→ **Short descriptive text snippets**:
⁂

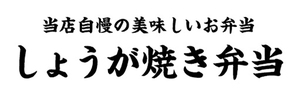 横断幕　横幕　弁当　当店自慢の美味しいお弁当　生姜焼き弁当　しょうが焼き弁当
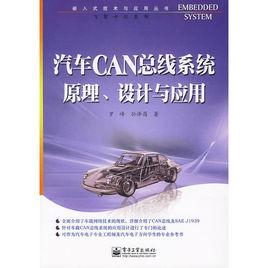 汽車can匯流排系統原理 汽車can匯流排系統原理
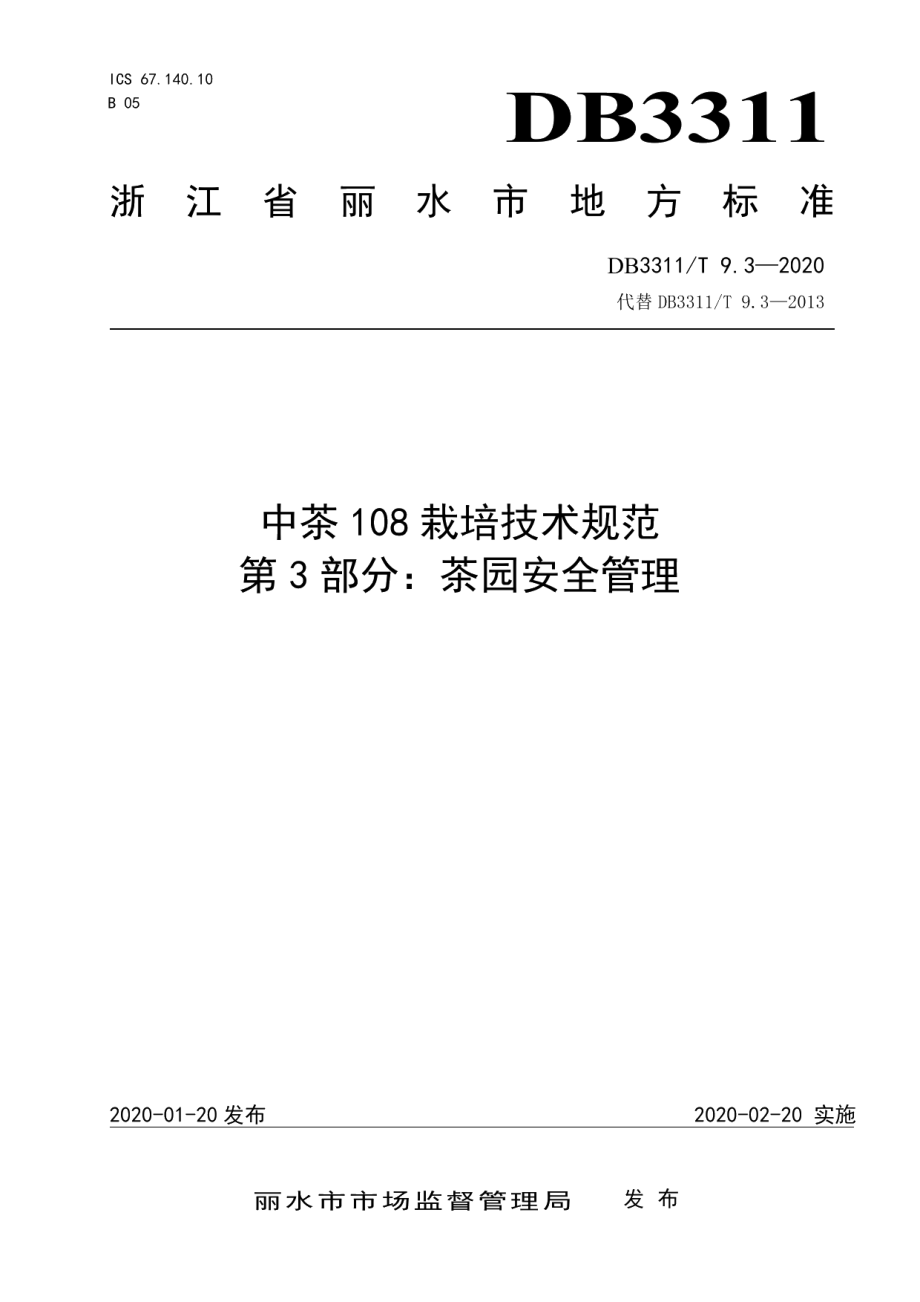 DB3311T 9.3─2020中茶108栽培技术规范 第3部分：茶园安全管理.pdf_第1页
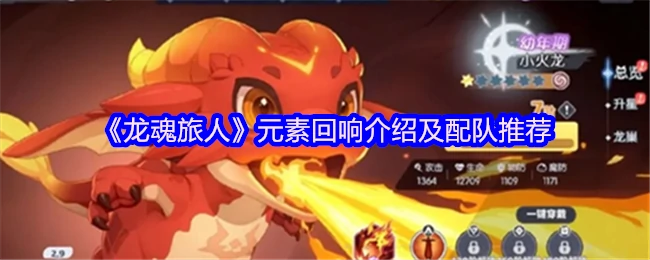 元素回响介绍及配队推荐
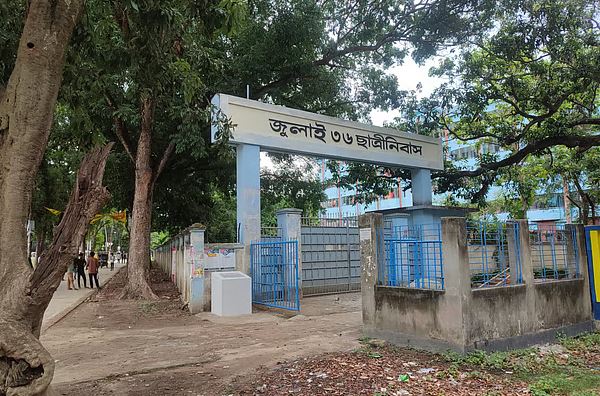এডওয়ার্ড কলেজে সুচিত্রা সেন ছাত্রীনিবাসের নাম এখন ‘জুলাই–৩৬ ছাত্রীনিবাস’
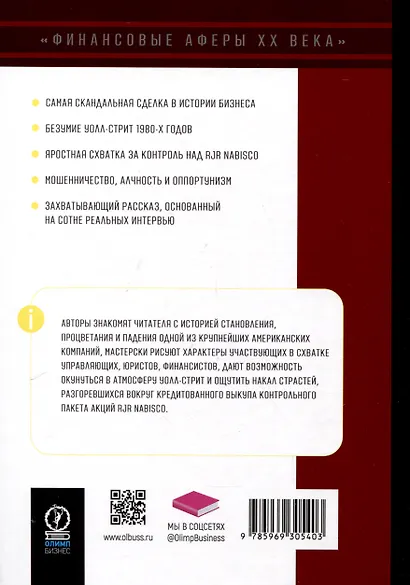 Варвары у ворот. История падения RJR Nabisco - фото 2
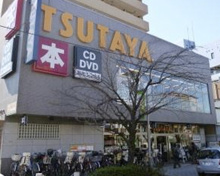 TSUTAYA 桜新町店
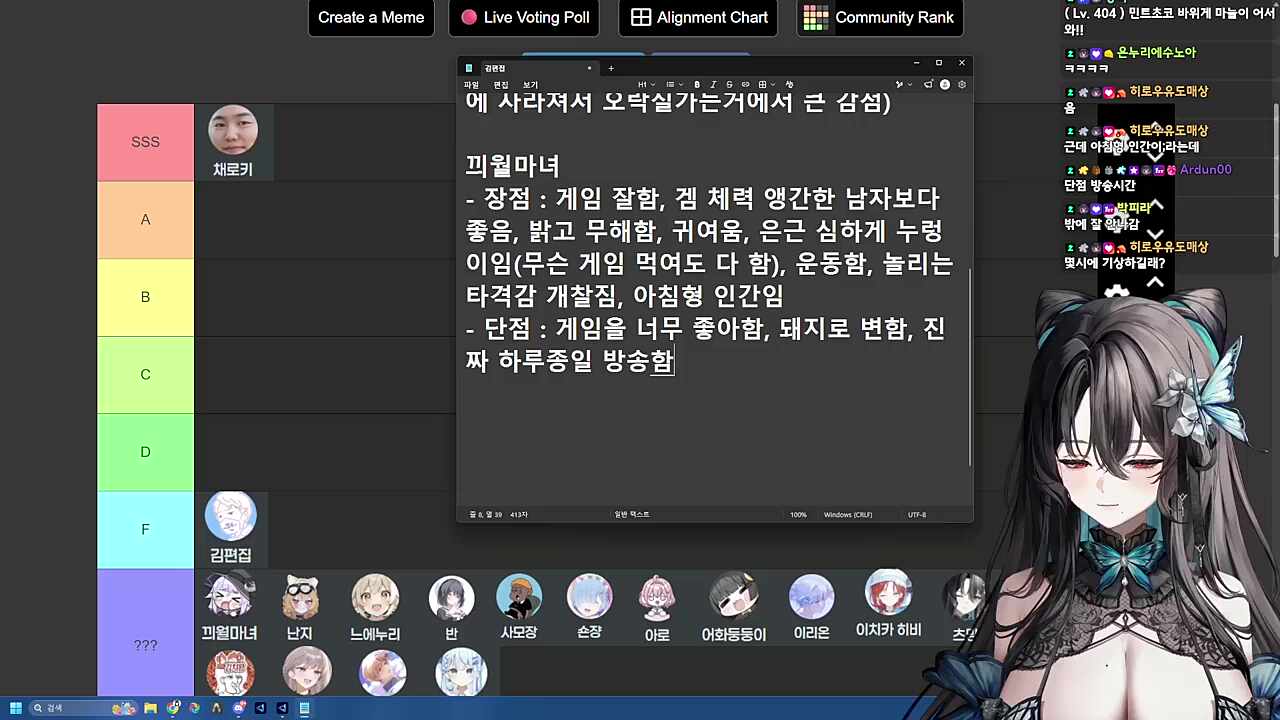 끠월마녀 단점2 종합평가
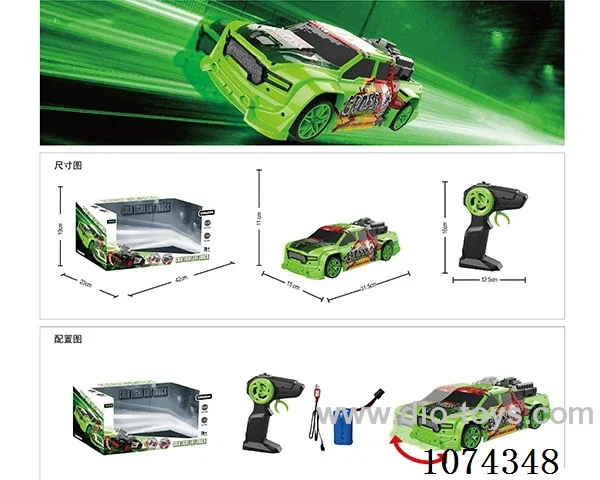 1:14 rc car included battery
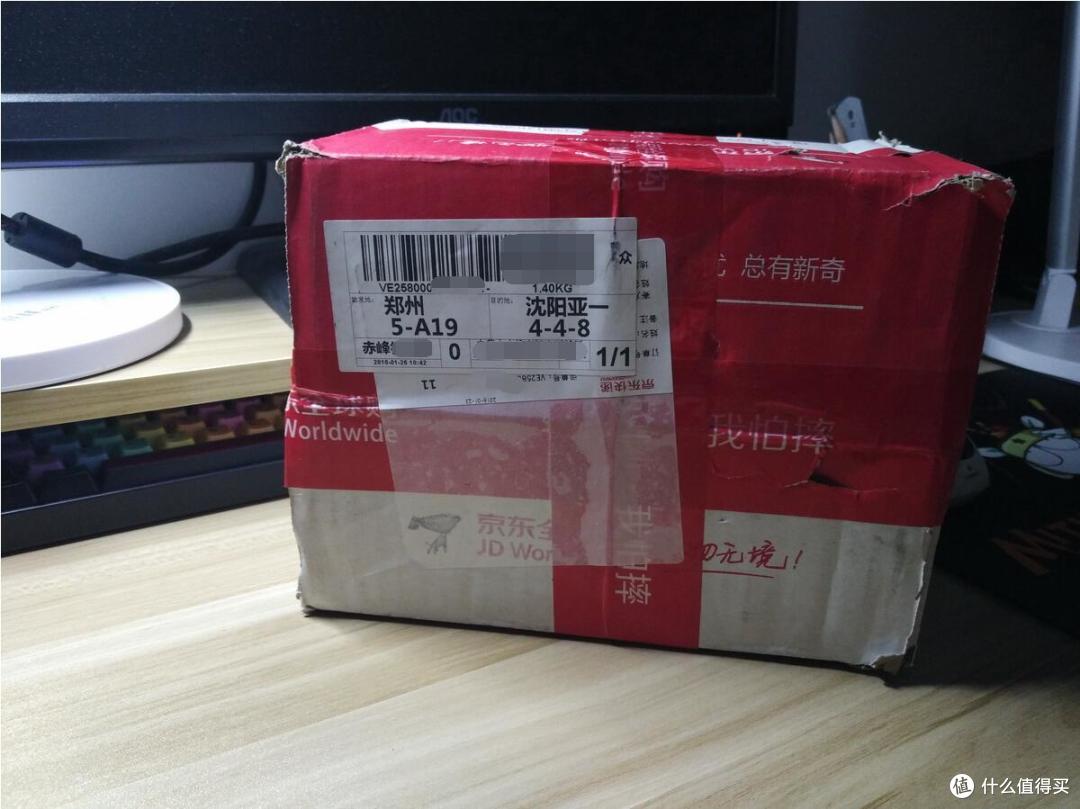 日本进口 狮王酵素立式牙膏 超级薄荷 开箱晒单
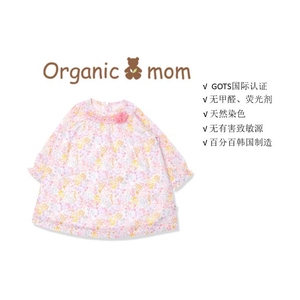 OrganicMom 有机纯棉 女童儿童 秋装 新款 洋气 连衣裙套装网红款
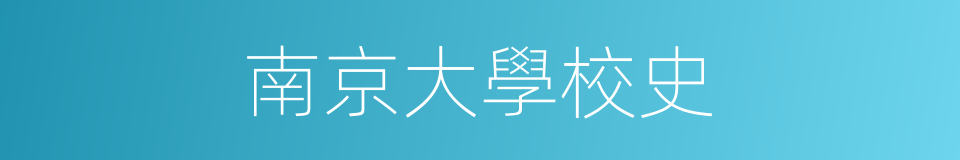 南京大學校史的同義詞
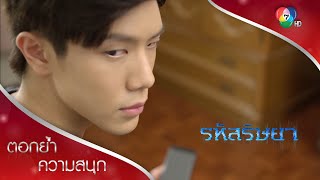 ธนาวางแผนให้สรศักดิ์ติดกับ?!? | ตอกย้ำความสนุก รหัสริษยา EP.12 | Ch7HD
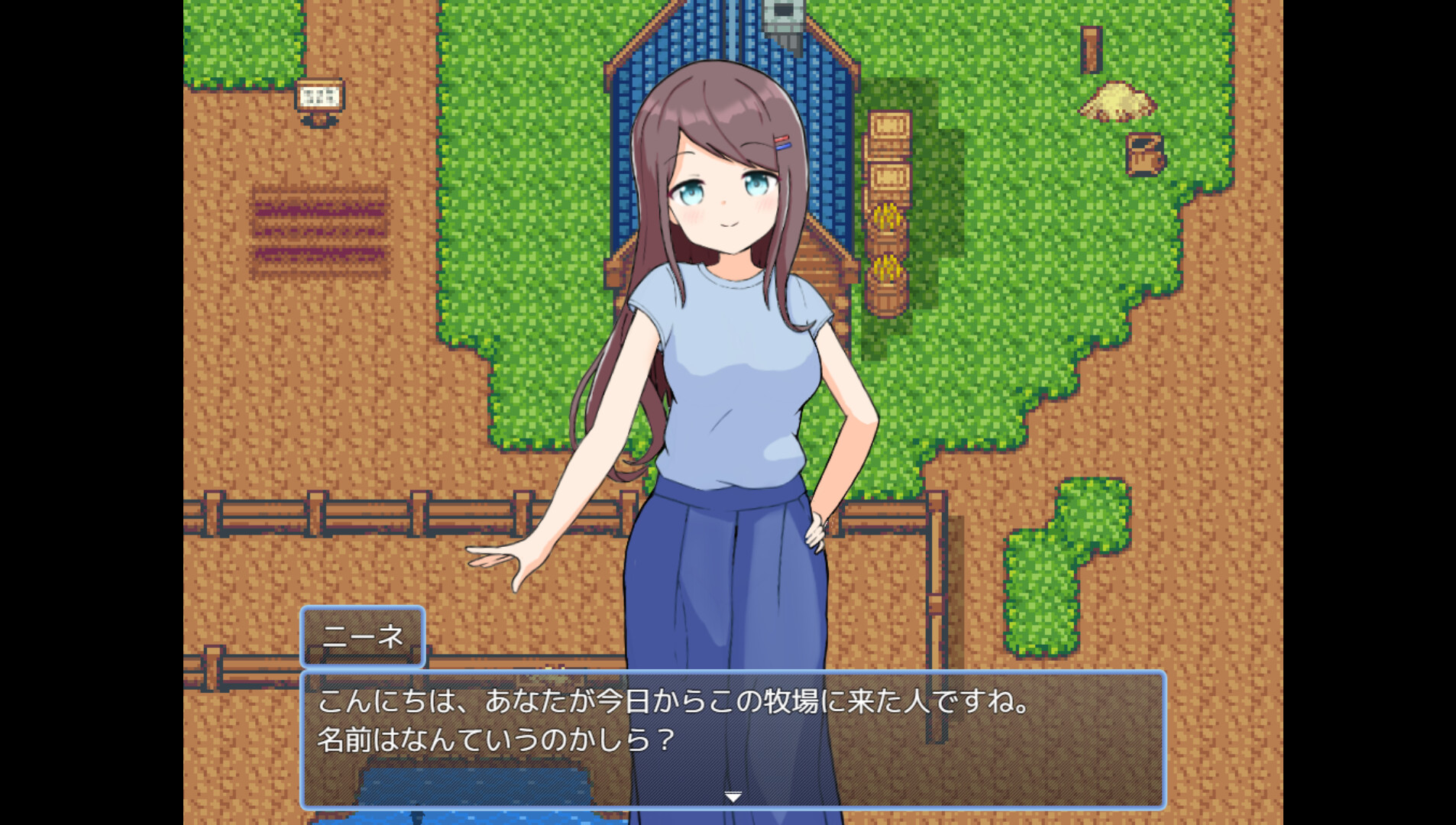 日式SLG/先行体验丨 Forestia～小镇的牧场生活～  Forestia～Life on a Small Town Farm～ build.93eeed【20241117】 游戏截图 3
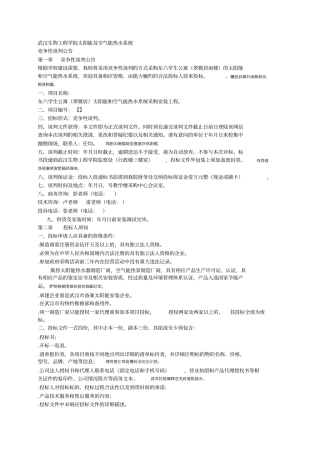 武汉生物工程学院太阳能及空气能热水系统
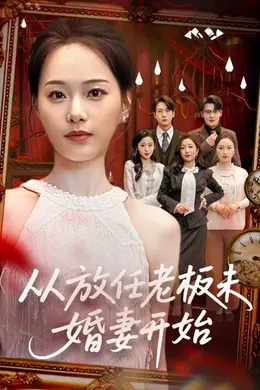 从放任老板未婚妻开始封面图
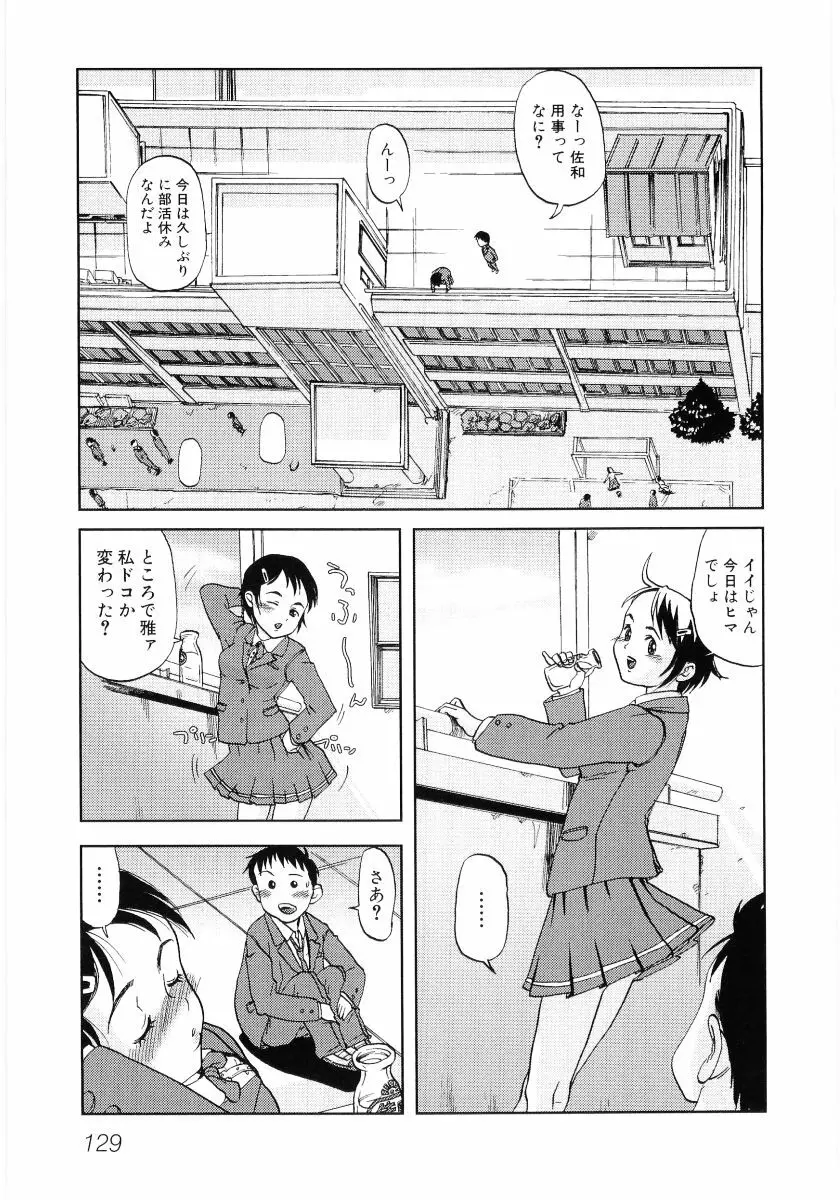 貧乳VS巨乳 祝!おっぱい学園乳学式 ふぇちっ娘VSシリーズ ROUND.3 131ページ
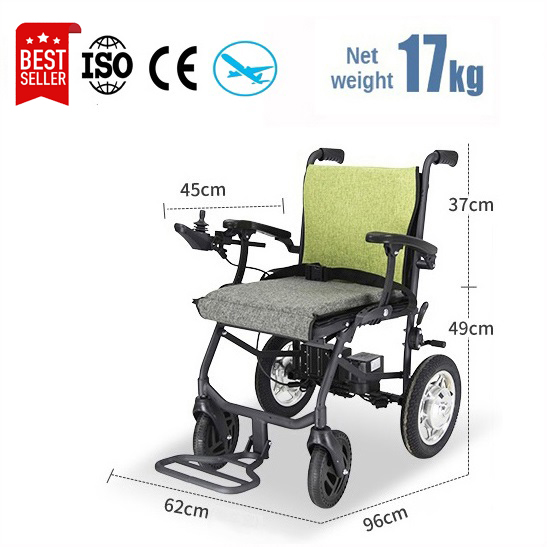 轻型时尚款电动轮椅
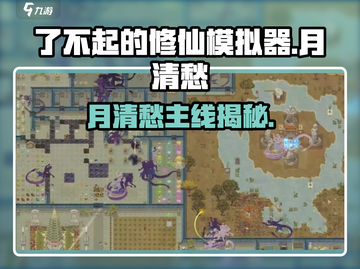 了不起的修仙！月清愁秘闻🔥截图1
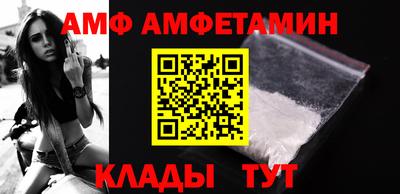 бутират Кандалакша
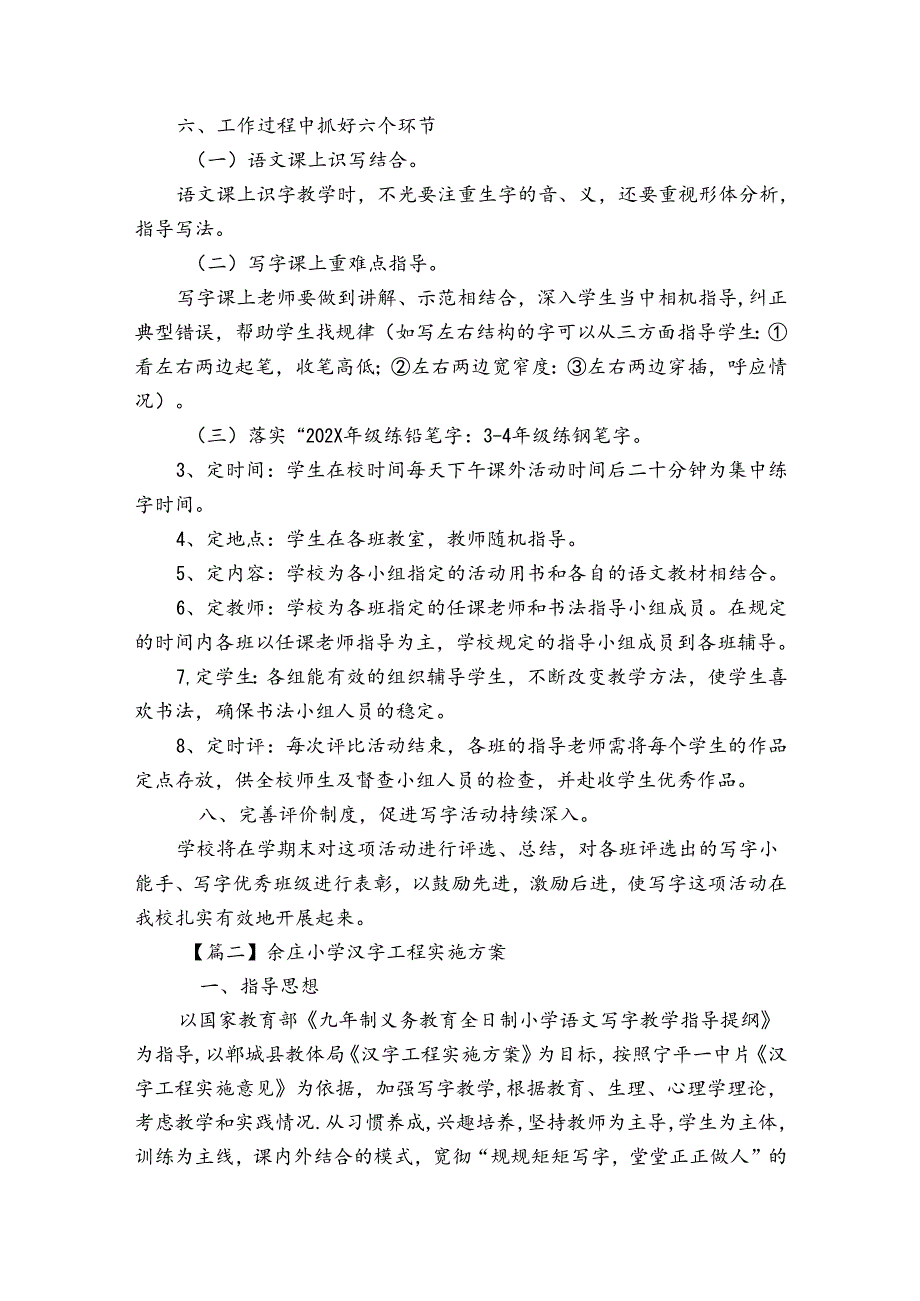 余庄小学汉字工程实施方案(优质6篇).docx_第3页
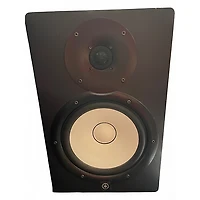 Used Yamaha HS8 Pair Powered Monitor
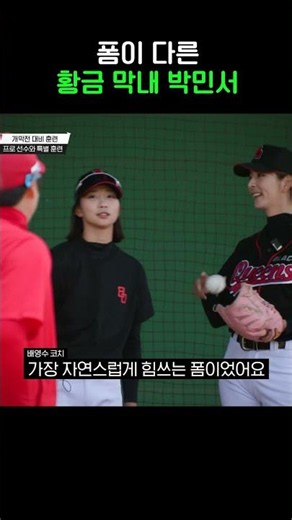 The Golden Youngest Has Arrived #BaseballQueen2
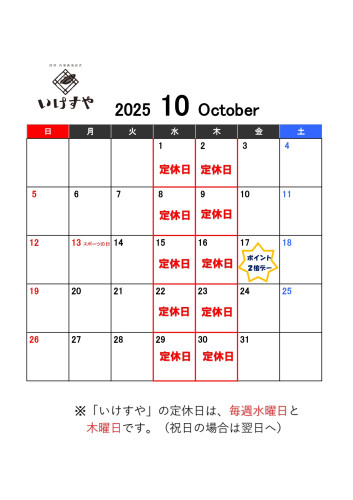 2025.10.jpg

⁂

→ **Task item**:
Repeat, exactly and in full, every entry in the data, but not the pictures.

→ **Result for this task**:
 横断幕　横幕　弁当　当店自慢の美味しいお弁当　生姜焼き弁当　しょうが焼き弁当
 汽車can匯流排系統原理 汽車can匯流排系統原理
 DB3311T 9.3─2020中茶108栽培技术规范 第3部分：茶园安全管理.pdf_第1页
 元素回响介绍及配队推荐
এডওয়ার্ড কলেজে সুচিত্রা সেন ছাত্রীনিবাসের নাম এখন ‘জুলাই–৩৬ ছাত্রীনিবাস’
 Варвары у ворот. История падения RJR Nabisco - фото 2
 TSUTAYA 桜新町店
 끠월마녀 단점2 종합평가
 1:14 rc car included battery
 日本进口 狮王酵素立式牙膏 超级薄荷 开箱晒单
 OrganicMom 有机纯棉 女童儿童 秋装 新款 洋气 连衣裙套装网红款
 南京大學校史的同義詞
 ธนาวางแผนให้สรศักดิ์ติดกับ?!? | ตอกย้ำความสนุก รหัสริษยา EP.12 | Ch7HD
 日式SLG/先行体验丨 Forestia～小镇的牧场生活～  Forestia～Life on a Small Town Farm～ build.93eeed【20241117】 游戏截图 3
 武汉生物工程学院太阳能及空气能热水系统
 从放任老板未婚妻开始封面图
 貧乳VS巨乳 祝!おっぱい学園乳学式 ふぇちっ娘VSシリーズ ROUND.3 131ページ
 轻型时尚款电动轮椅
 了不起的修仙！月清愁秘闻🔥截图1
 бутират Кандалакша
 余庄小学汉字工程实施方案(优质6篇).docx_第3页
 Used Yamaha HS8 Pair Powered Monitor
 The Golden Youngest Has Arrived #BaseballQueen2
 2025.10.jpg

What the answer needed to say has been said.